** Data under study **
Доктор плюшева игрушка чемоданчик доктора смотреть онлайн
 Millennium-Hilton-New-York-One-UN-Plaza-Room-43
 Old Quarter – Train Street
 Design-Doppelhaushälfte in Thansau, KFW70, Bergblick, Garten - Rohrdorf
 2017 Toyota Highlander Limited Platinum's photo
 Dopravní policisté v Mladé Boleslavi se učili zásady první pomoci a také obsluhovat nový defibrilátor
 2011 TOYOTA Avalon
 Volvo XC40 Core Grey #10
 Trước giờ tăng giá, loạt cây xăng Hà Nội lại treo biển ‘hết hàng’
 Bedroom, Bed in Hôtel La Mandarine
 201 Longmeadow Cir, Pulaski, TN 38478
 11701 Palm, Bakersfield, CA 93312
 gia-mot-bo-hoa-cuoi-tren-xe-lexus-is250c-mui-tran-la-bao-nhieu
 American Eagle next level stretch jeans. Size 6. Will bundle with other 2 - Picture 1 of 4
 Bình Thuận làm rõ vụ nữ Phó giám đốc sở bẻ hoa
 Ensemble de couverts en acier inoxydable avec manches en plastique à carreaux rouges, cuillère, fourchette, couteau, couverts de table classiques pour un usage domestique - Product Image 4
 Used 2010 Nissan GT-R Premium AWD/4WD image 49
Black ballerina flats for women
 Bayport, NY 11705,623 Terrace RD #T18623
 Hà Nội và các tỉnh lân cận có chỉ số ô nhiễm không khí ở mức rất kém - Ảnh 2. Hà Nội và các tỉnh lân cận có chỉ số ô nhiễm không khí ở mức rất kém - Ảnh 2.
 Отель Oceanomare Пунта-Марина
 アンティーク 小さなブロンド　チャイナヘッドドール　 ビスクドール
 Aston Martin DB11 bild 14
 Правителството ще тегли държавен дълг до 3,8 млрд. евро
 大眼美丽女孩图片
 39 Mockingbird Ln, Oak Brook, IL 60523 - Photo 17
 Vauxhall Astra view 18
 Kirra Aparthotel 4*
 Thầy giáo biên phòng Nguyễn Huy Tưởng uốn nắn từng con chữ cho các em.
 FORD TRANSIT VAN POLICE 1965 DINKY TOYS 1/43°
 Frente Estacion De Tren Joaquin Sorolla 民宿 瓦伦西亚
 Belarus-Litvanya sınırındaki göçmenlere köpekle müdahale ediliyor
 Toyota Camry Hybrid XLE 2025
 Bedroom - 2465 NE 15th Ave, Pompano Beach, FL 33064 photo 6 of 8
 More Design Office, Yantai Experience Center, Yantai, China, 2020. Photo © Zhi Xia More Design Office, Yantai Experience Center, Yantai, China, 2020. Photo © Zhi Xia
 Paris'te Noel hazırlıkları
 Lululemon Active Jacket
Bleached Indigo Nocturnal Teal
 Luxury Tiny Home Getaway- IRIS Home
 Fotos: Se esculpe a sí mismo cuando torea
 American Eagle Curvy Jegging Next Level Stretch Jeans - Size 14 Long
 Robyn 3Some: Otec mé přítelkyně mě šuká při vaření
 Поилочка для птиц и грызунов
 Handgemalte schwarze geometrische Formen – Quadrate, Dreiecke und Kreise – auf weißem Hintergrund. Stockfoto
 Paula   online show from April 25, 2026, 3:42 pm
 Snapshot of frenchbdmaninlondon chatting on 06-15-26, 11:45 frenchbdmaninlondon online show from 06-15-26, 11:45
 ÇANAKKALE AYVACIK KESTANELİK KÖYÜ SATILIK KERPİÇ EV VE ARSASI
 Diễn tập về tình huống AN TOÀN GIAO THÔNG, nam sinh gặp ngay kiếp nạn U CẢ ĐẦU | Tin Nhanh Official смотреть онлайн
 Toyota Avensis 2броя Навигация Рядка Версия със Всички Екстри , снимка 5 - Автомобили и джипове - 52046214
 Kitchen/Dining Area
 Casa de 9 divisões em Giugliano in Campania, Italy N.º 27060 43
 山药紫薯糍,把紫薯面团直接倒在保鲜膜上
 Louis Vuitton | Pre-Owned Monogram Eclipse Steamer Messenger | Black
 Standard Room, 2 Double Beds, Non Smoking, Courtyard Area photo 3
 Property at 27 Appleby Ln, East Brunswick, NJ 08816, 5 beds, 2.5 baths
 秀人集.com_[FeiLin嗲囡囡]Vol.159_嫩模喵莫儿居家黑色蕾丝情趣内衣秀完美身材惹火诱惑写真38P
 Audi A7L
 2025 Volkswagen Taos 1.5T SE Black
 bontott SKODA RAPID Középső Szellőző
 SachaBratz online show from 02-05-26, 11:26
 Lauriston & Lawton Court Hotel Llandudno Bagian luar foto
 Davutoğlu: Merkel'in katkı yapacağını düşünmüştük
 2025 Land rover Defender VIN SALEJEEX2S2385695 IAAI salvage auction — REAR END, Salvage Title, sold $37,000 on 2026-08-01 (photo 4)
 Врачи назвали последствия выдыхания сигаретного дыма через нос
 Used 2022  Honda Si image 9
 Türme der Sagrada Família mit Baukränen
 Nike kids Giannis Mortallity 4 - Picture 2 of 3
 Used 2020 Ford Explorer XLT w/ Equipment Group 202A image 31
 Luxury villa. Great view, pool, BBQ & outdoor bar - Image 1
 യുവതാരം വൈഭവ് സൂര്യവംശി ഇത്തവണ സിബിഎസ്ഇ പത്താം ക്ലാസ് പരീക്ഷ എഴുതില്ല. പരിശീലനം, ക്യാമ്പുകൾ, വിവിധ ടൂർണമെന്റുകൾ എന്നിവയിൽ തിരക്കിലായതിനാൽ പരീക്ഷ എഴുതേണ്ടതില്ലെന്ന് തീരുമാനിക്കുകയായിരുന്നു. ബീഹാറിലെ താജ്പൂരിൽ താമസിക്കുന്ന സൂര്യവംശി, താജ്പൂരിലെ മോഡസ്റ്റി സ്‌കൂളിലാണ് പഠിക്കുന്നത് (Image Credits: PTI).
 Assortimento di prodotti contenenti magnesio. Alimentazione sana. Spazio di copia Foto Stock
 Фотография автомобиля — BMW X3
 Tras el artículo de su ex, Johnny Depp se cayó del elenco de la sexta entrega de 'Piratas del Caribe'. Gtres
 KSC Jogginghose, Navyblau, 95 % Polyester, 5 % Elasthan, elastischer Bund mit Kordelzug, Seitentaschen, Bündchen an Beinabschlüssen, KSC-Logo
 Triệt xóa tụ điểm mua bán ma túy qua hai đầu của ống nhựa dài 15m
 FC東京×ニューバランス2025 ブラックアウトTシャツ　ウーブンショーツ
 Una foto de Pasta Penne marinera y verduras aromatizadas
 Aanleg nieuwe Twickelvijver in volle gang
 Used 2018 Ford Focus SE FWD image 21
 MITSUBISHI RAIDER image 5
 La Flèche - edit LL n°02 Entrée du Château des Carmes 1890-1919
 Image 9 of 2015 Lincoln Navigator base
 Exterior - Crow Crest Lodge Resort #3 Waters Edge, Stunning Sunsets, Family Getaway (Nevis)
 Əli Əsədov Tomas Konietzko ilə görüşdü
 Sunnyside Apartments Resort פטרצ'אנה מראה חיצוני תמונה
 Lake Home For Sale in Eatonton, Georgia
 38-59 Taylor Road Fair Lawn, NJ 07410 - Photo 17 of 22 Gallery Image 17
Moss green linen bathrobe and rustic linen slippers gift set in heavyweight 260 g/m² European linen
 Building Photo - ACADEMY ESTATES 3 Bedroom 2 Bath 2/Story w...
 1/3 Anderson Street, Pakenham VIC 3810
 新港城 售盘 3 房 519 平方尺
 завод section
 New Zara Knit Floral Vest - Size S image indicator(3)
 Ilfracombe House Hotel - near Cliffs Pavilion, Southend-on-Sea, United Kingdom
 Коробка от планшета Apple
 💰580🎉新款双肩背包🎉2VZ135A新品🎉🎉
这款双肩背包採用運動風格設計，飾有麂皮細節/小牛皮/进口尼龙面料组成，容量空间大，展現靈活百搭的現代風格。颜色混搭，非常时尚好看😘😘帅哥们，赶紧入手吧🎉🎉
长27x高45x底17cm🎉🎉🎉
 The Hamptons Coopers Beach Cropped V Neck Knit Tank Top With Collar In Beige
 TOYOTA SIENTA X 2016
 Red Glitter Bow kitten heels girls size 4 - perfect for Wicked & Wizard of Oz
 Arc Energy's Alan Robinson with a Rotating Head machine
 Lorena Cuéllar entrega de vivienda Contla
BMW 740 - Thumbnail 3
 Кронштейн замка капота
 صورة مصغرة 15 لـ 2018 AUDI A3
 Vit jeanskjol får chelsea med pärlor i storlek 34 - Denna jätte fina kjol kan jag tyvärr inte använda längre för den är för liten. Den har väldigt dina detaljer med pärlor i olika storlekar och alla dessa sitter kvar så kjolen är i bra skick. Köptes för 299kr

** Your goal **
Copy out, exactly and alone, the lines of the entries above between the ones holding "La Flèche - edit" and "Sunnyside Apartments Resort", inclusive.

** Result **
 La Flèche - edit LL n°02 Entrée du Château des Carmes 1890-1919
 Image 9 of 2015 Lincoln Navigator base
 Exterior - Crow Crest Lodge Resort #3 Waters Edge, Stunning Sunsets, Family Getaway (Nevis)
 Əli Əsədov Tomas Konietzko ilə görüşdü
 Sunnyside Apartments Resort פטרצ'אנה מראה חיצוני תמונה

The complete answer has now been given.